> **TASK REQUIREMENTS**: Verbatim copy without images: repeat the records in full.

> **RECORDS TO PROCESS**:
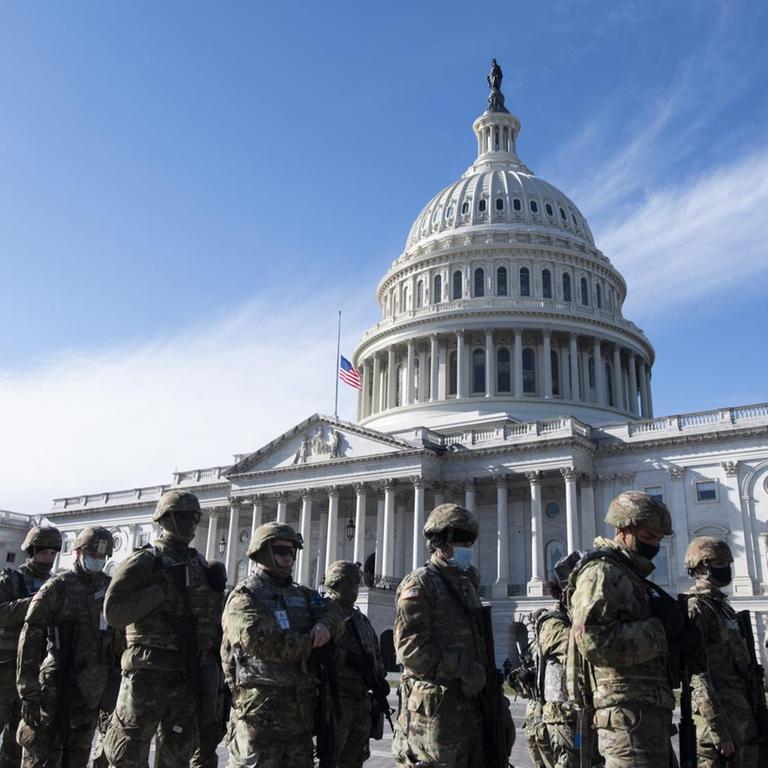 Vor der Amtseinführung von Joe Biden als US-Präsident sind in der US-Hauptstadt viele Soldaten zusammengezogen worden 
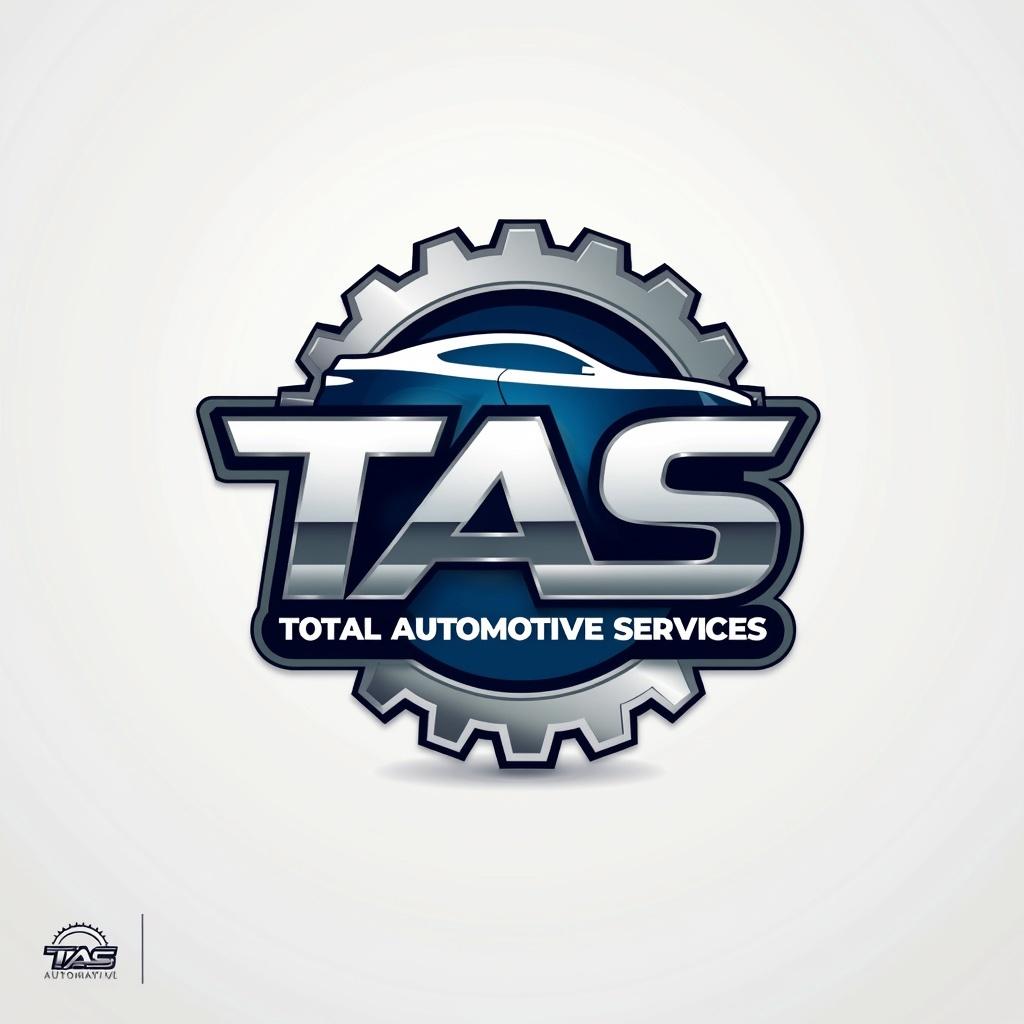 A beautiful, clean logo design for "TAS - Total Automotive Services" featuring modern typography, a sleek design incorporating automotive elements like gears or vehicle silhouettes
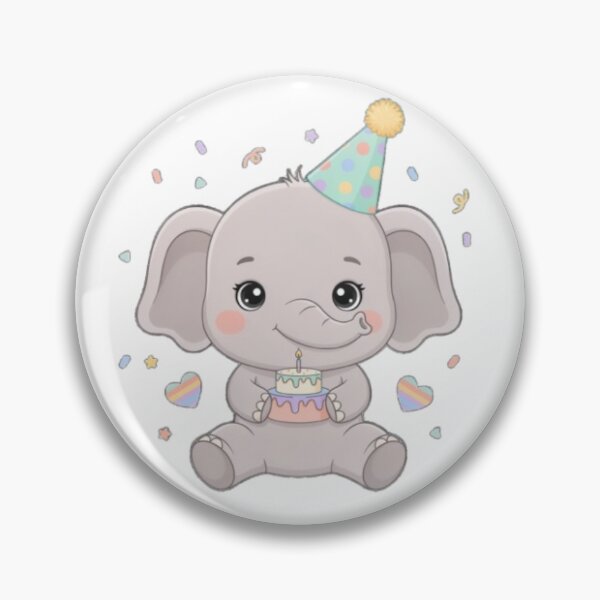 Item preview, A Cheerful Baby Elephant - Pastel Soft Grey, Birthday Gift designed and sold by DigitfanStudio.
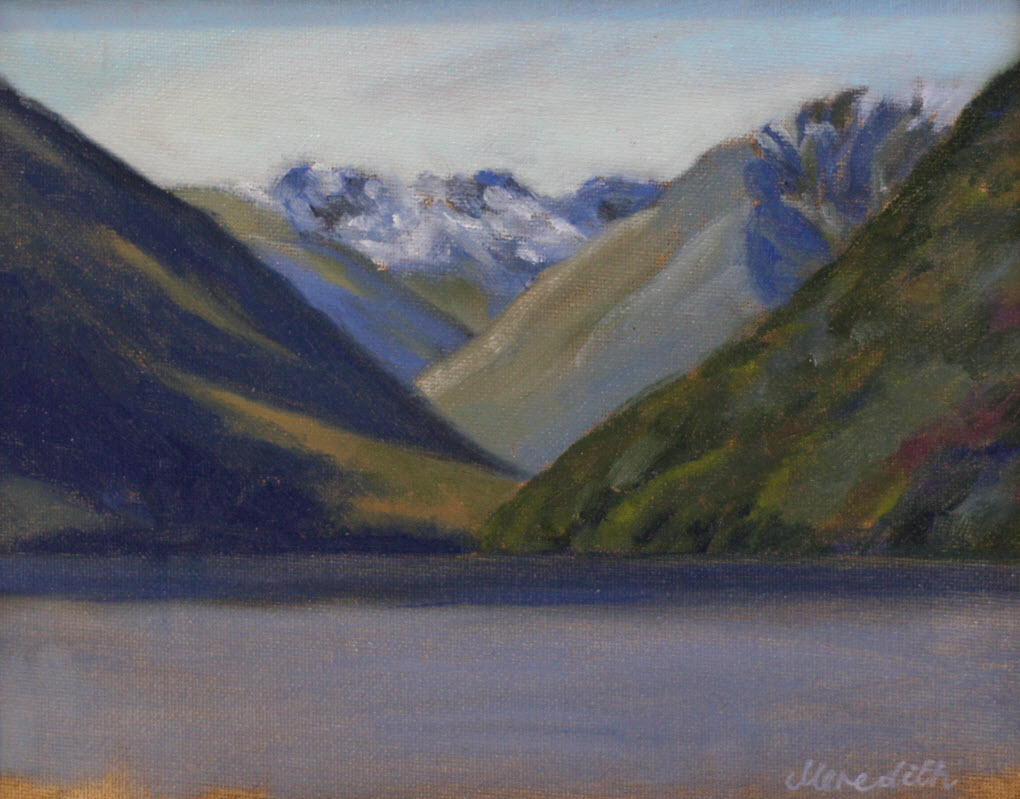 Lake Rotoiti Lake Head (2018). 200 mm x 255 mm. Oil on Panel (Framed).
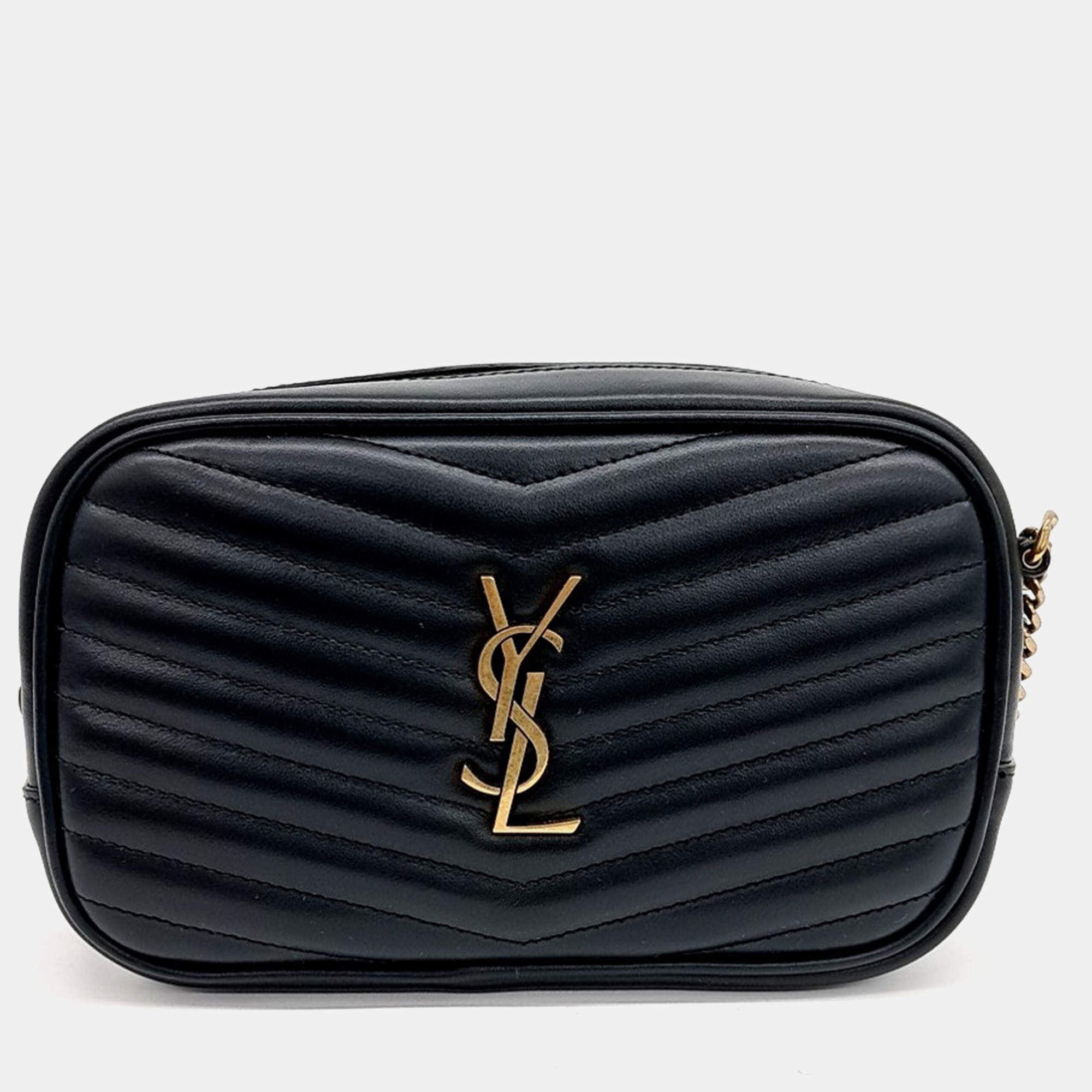 Saint Laurent Paris Black Leather Mini Lou Crossbody Bag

> **YOUR SOLUTION**:
 Vor der Amtseinführung von Joe Biden als US-Präsident sind in der US-Hauptstadt viele Soldaten zusammengezogen worden 
 A beautiful, clean logo design for "TAS - Total Automotive Services" featuring modern typography, a sleek design incorporating automotive elements like gears or vehicle silhouettes
 Item preview, A Cheerful Baby Elephant - Pastel Soft Grey, Birthday Gift designed and sold by DigitfanStudio.
 Lake Rotoiti Lake Head (2018). 200 mm x 255 mm. Oil on Panel (Framed).
 Saint Laurent Paris Black Leather Mini Lou Crossbody Bag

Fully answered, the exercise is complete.